- Thank you for
inviting us to speak for HUD’s career bargaining unit employees. I also wish to thank my fellow
panelists: we appreciate the Deputy
Secretary’s willingness to meet with us regularly to discuss employee concerns;
and we thank Mr. Czerwinski and other GAO investigators for focusing on how HUD
can be better.
- My written
testimony is a detailed look at HUD’s Human Capital management issues and its
oversight of contractors. My oral testimony
though is more pointed.
- Employees have
been concerned for a long time with our designation by GAO as high risk.
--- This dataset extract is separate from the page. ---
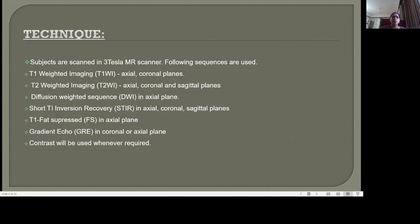All patients were subjected to 3 Tesla MRI on a Magnetom Vida machine. The following sequences were used: T1 weighted imaging in axial and coronal planes; T2 weighted imaging in axial, coronal and sagittal planes; diffusion weighted sequence in axial plane; STIR sequence in axial, coronal and sagittal planes; T1 fat suppressed in axial plane; gradient echo in coronal and axial planes; and contrast was used whenever required.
But even without this designation, we would
be concerned for the long-term viability of HUD programs.
- We believe
that no administration can resolve these issues without the sustained support
of Congress.
- HUD programs
are largely bricks and mortar—long-term investments. This is one of the distinguishing characteristics of the
challenges facing HUD. The programs
Congress creates have a life span greater than the average employee’s
career. Section 202 developments built
today will still be operating with HUD mortgages in 2040. Furthermore, the nature of development is
such that problems are likely to arise either at the very beginning of a
development’s life span, or at the end.
- Therefore,
staff continuity, the sharing of institutional memory, is crucial to effective
problem solving.
- All American
employers are facing the loss of staff with the impending retirement of the
Baby Boom generation. But for HUD, this
problem will be a crisis.
- Currently, HUD
only fills vacancies after they occur, frequently months or even years after a
seasoned employee has left. In our
written testimony, we recommend no reduction in HUD’s staffing ceiling. But the truth is, if 4500 HUD employees are
eligible to retire in the next five years, we need to hire 2000 employees
within the next two years. Hiring this
staff now will permit mentoring and a transfer of knowledge. We cannot replace journey level staff with entry-level
staff.
- This is a task
no administration can accomplish without Congressional support.
- As stewards of
the public trust, we do not want to hear “it can’t be done,” or “we have
deficit budgets.” It can be done. The money is already being spent—spent on
contractors. With the knowledge, and
sometimes the express approval of Congress, HUD spends more on contractors than
it would cost to hire HUD employees.
The Section 8 Contract Administration contracts alone would cover 2500
additional staff. These contracts
replace the need for less than half that number of staff. And this is only one example of the many
wasteful contracts.
- We need you to
stop working with HUD to play smoke and mirrors with the budget.
- Our written
testimony includes recommendations that would assist recruitment and
retention—use of retention programs such as a loan-forgiveness program and
child care subsidy; extend permanent positions to its interns; reform its
overly bureaucratic human resources department—but these are all band aids. They will make HUD a better place to work
for the workers that remain.
- But we need
more than band-aids. We need whole
blood; we need staff, and we need them now.
- Congress can
make the difference between the long-term successes of the programs it
authorizes, or it can assist in their failure.
- Thank you.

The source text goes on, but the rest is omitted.